Steinmeiers diplomatischer Balanceakt
Ganz im Zeichen der jüngsten Krise zwischen Deutschland und Israel fliegt Bundespräsident Frank-Walter Steinmeier heute nach Jerusalem. Während des viertägigen Besuchs gehe es darum, die Gräben nicht weiter zu vertiefen, zugleich aber auch den großen Sorgen über die israelische Siedlungspolitik und die Entwicklung im NahostKonflikt Ausdruck zu geben, hieß es am Freitag aus dem Präsidialamt.

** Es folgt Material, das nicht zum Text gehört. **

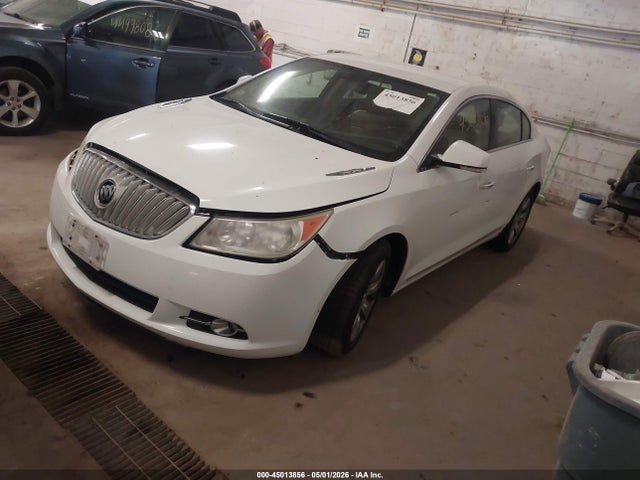 Buick LaCrosse Cxl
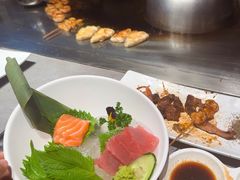 -水木锦堂·自助铁板烧(五道口购物中心店)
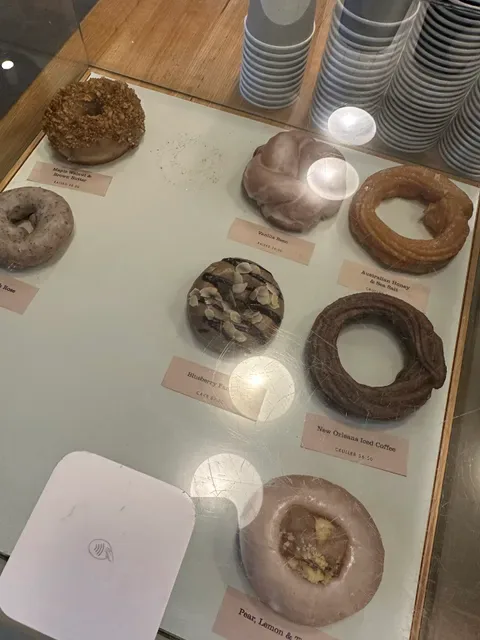 Shortstop Coffee & Donuts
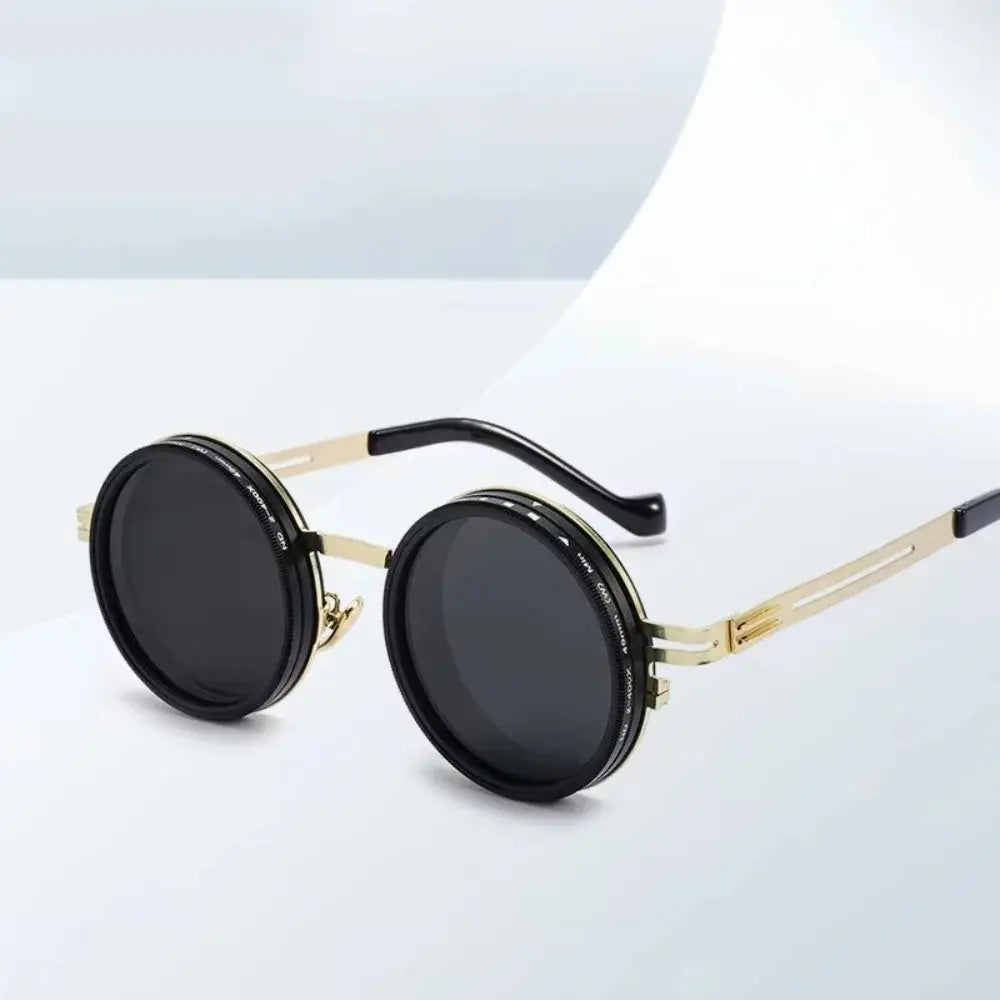 Polarized UV400 Sunglasses – Adjustable Outdoor Shades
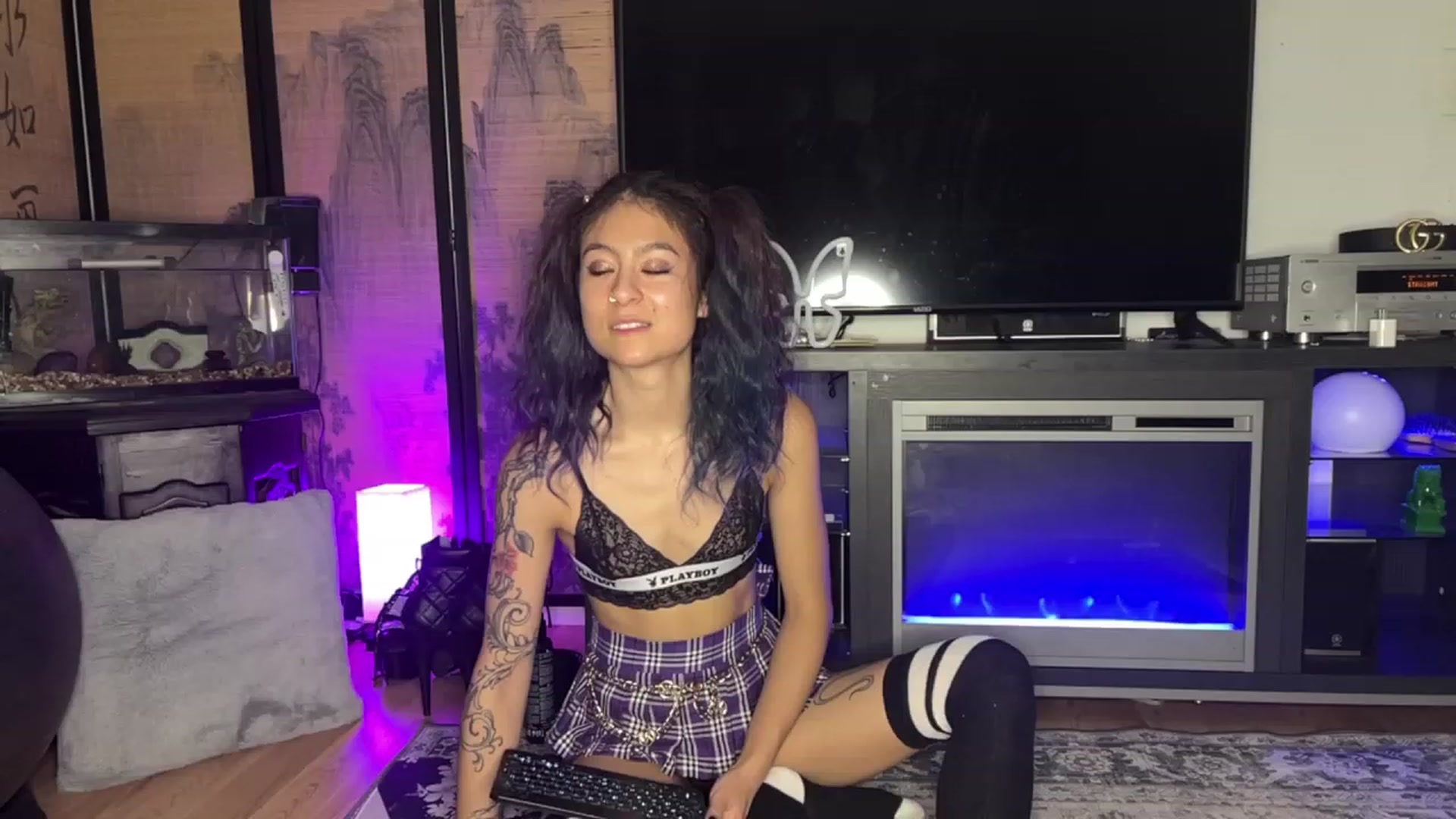 Gallery image thumbnail from katanacakes's myfreecams stream on, 09/01/2023, 05:10 image 4 of 20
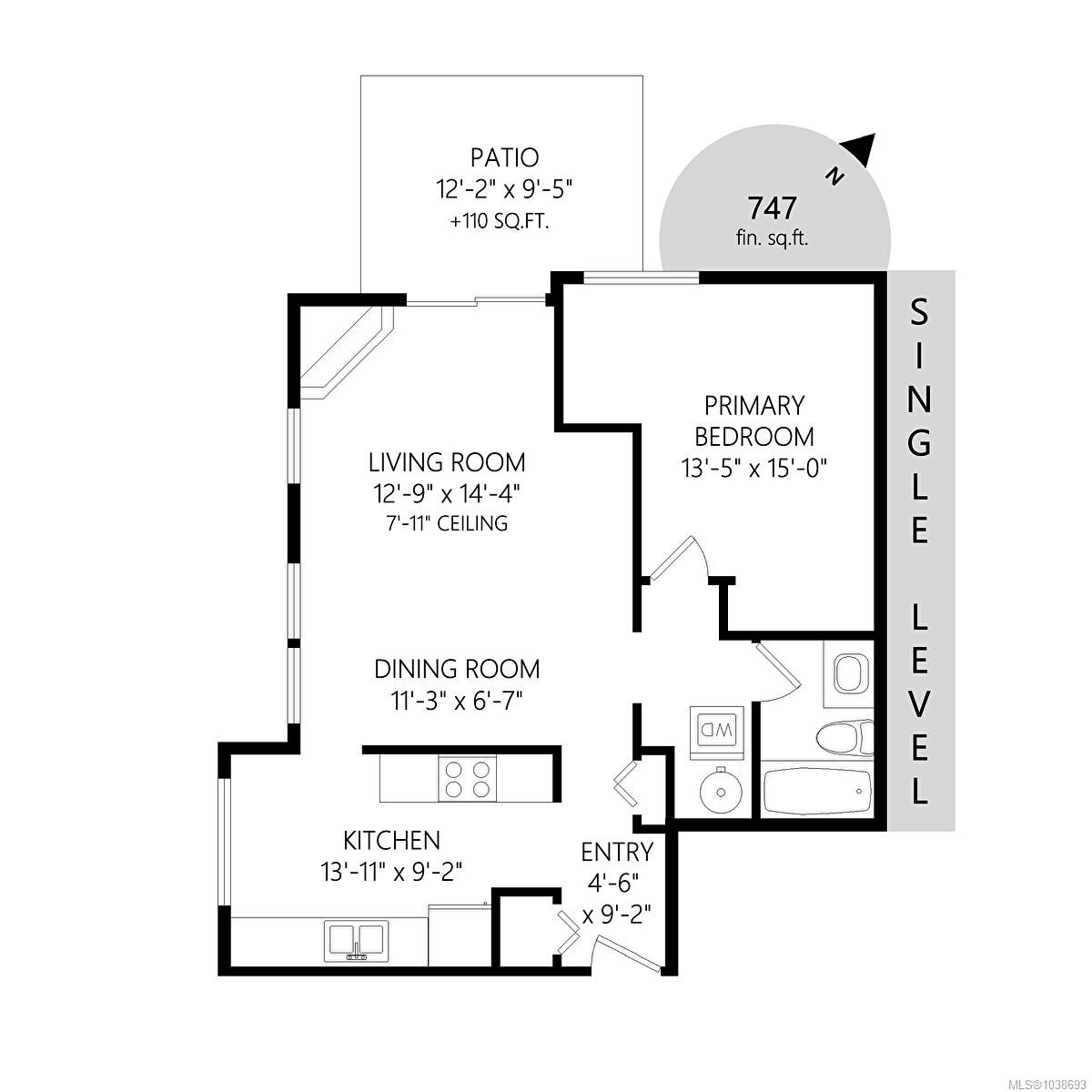 108 Gorge Rd W #102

Steinmeier wird dabei nicht mit den regierungskritischen Organisationen Breaking the Silence (Das Schweigen brechen) und B’Tselem zusammenkommen. Ein Treffen von Außenminister Sigmar Gabriel (SPD) mit den beiden Gruppen hatte vor Kurzem für einen Eklat gesorgt. Ministerpräsident Benjamin Netanjahu sagte ein geplantes Treffen mit Gabriel kurzfristig ab.
Vorgesehen sind während Steinmeiers Reise aber Gespräche mit den Schriftstellern Amoz Oz und David Grossmann, die ebenfalls Kritiker des Siedlungsbaus in den besetzten Gebieten sind. Der Bundespräsident werde sich nicht von Gabriel distanzieren, hieß es. Sein Eintreten für eine Zwei-Staaten-Lösung und seine Kritik an der „völkerrechtswidrigen Siedlungspolitik“würden an Klarheit nichts vermissen lassen.
Steinmeier will am Sonntag mit dem israelischen Präsidenten Reuven Rivlin und mit Netanjahu zusammentreffen. Auch ein Besuch der Holocaust-Gedenkstätte Yad Vashem ist geplant. Am Dienstag reist er in die palästinensischen Gebiete und trifft den Präsidenten der Autonomiebehörde, Mahmud Abbas. An Arafats Grab legt er einen Kranz nieder.
Gabriel verteidigte derweil sein Treffen mit den Aktivisten. „Unter Demokraten muss es möglich sein, sich auch mit regierungskritischen Organisationen zu treffen“, sagte er der „Bild“-Zeitung und betonte. „Unter Demokraten stellt man sich keine Ultimaten. Der israelische Premierminister wollte mich dazu zwingen, ein Treffen mit unbescholtenen israelischen Bürgern abzusagen.“
Als Verbündeter zu wichtig
An einem neuen Eklat ist Netanjahu nicht interessiert. Dafür sind die Deutschen als Verbündete, die Israel mit Militärhilfe wie der Lieferung von subventionierten U-Booten der Dolphin-Klasse unterstützen, zu wichtig. Auch als Fürsprecher Israels in der EU und internationalen Gremien ist Berlin für Netanjahu unverzichtbar. Davon abgesehen hat die Ausladung von Gabriel unter Israelis heftige Kontroversen ausgelöst. In einer Zeitungsanzeige auf Seite eins der „Haaretz“dankten namhafte Stimmen aus dem Friedenslager am Freitag ausdrücklich Gabriel und Angela Merkel (CDU), klare Haltung bewiesen zu haben. „Mit der Unterstützung für Menschenrechtsorganisationen, die gegen die Besatzung kämpfen, haben Sie sich als wahre Freunde Israels erwiesen.“Zu den Unterzeichnern gehören unter anderem Avraham Burg, einst Knesset-Präsident, Michael Ben-Yair, ehemals Generalstaatsanwalt, Israel-Preisträger, Intellektuelle sowie frühere Abgeordnete und Diplomaten. Im nach rechts gedrifteten Israel mögen sie bloß für eine schwindende Minderheit sprechen. Doch die hofft nun auf Steinmeiers moralische Unterstützung, wenngleich nur mit deutlichen Worten. Dem Bundespräsidenten steht in Jerusalem ein diplomatischer Balanceakt bevor.